Fighting social injustice, by caring for migrants and the poor, is just as holy a pursuit for Catholics as opposing abortion, declared Pope Francis in a major 100-page document issued by the Vatican on Monday.
Pope Francis softened the Roman Catholic Church stance on abortion yet again, marking another significant moment as the Church has one of the strongest anti-abortion stances among religious institutions. By telling Catholics to not give “excessive importance” to certain positions, like opposing abortion, while ignoring other issues, like immigration, he also appeared to dig at single-issue conservatives.
“The other harmful ideological error is found in those who find suspect the social engagement of others, seeing it as superficial, worldly, secular, materialist, communist or populist,” wrote Pope Francis. “Our defense of the innocent unborn, for example, needs to be clear, firm and passionate. Equally sacred, however, are the lives of the poor, those already born, the destitute, the abandoned and the underprivileged, the vulnerable infirm and the elderly exposed to covert euthanasia, the victims of human trafficking, new forms of slavery, and every form of rejection.”

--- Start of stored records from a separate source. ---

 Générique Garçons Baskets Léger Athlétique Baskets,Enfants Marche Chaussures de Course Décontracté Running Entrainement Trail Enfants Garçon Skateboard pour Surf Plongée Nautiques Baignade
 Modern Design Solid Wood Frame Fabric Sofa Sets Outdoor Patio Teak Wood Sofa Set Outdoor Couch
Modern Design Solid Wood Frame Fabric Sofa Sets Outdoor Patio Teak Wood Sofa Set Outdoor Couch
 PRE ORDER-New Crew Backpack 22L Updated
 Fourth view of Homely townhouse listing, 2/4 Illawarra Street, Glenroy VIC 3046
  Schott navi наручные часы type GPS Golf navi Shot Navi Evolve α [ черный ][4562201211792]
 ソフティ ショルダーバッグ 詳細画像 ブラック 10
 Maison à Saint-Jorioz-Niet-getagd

The new document — which came in the form of an “apostolic exhortation” titled “Gaudete et Exsultate,” or “Rejoice and Be Glad” — focuses on how people can be holy in a contemporary, secular world. The idea is Christians cannot grow in holiness with prayer alone but need to help those in need. This is the fifth major document Francis wrote in his five-year papacy. Controversy arose after Francis’ last apostolic exhortation in 2016, in which he cautiously permitted some divorced and remarried Catholics to receive Communion.
This time, the apostolic exhortation highlights the plight of migrants, an issue Francis has repeatedly called attention to. While elevating migrants and the poor more broadly, he noted the hypocrisy of some Catholic groups who ardently oppose abortion while they oppose or ignore legislation that helps immigrants.

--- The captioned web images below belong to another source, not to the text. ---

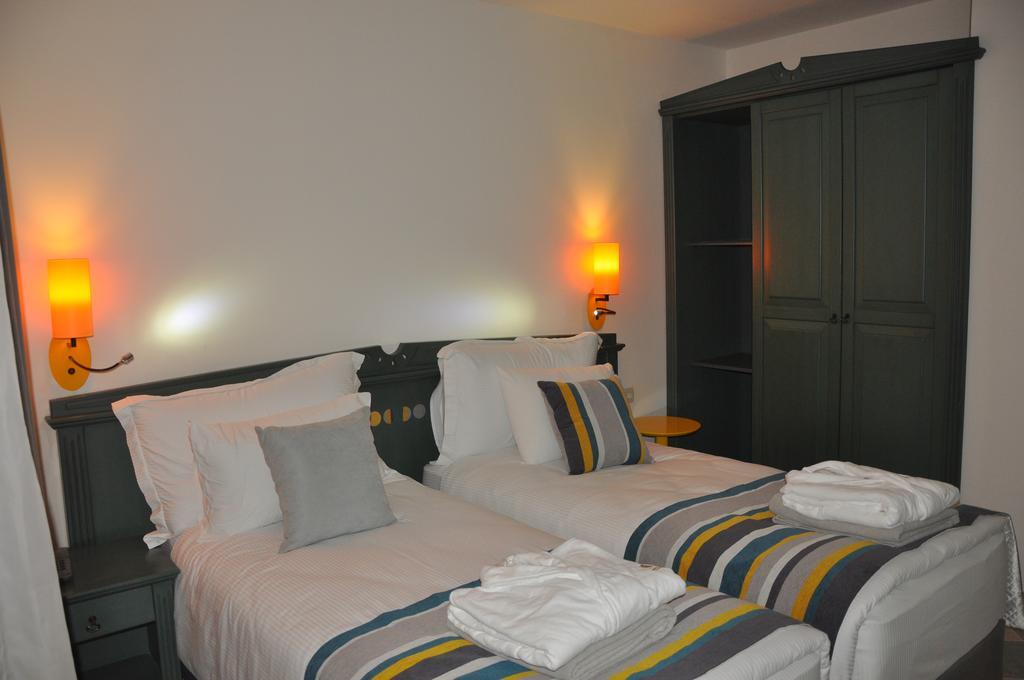 Aparthotel Sunpark Aramis Alanya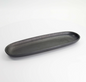 Plat ovale Yuzu Noir – Tokyo Design Studio
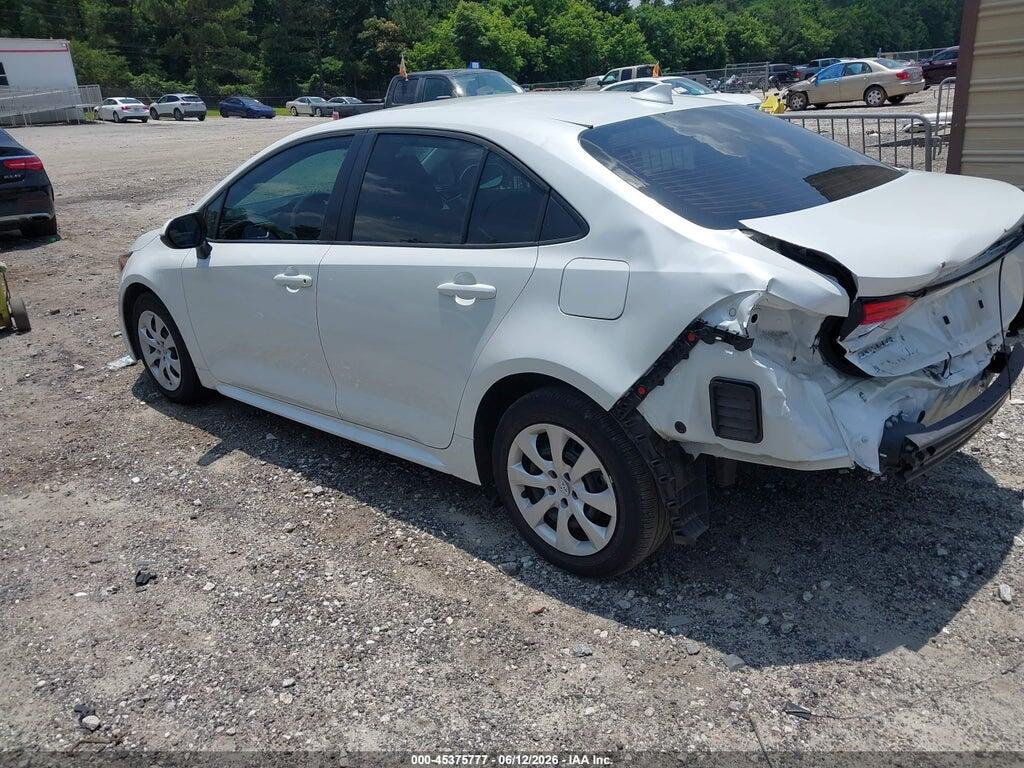 5YFB4MDE5RP205763 2024 TOYOTA COROLLA photo no. 3
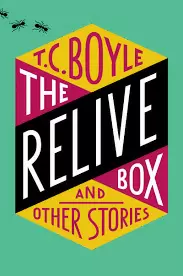 THE RELIVE BOX AND OTHER STORIES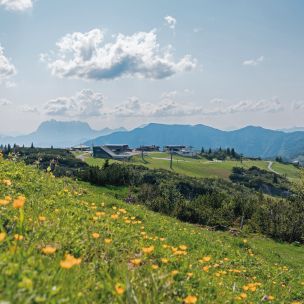 Sommer Bergbahnen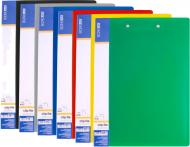 Папка E31206 с пружинным механизмом и клипом Economix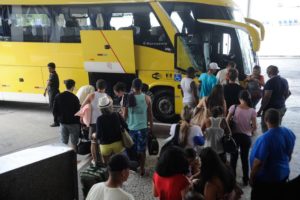 viagens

“We often hear it said that, with respect to relativism and the flaws of our present world, the situation of migrants, for example, is a lesser issue,” he wrote. “Some Catholics consider it a secondary issue compared to the ‘grave’ bioethical questions.”
“That a politician looking for votes might say such a thing is understandable, but not a Christian,” he continued.
Pope Francis continues to splinter with the Church, particularly on the issue of abortion, despite criticism from hardliners. In one of his first lengthier interviews in 2013, he said the Catholic Church was too “obsessed” with the procedure. And in 2015, he permitted priests to offer absolution for abortion. While the 2015 letter didn’t do much in the way of theology, it did symbolize a seismic shift for the Church.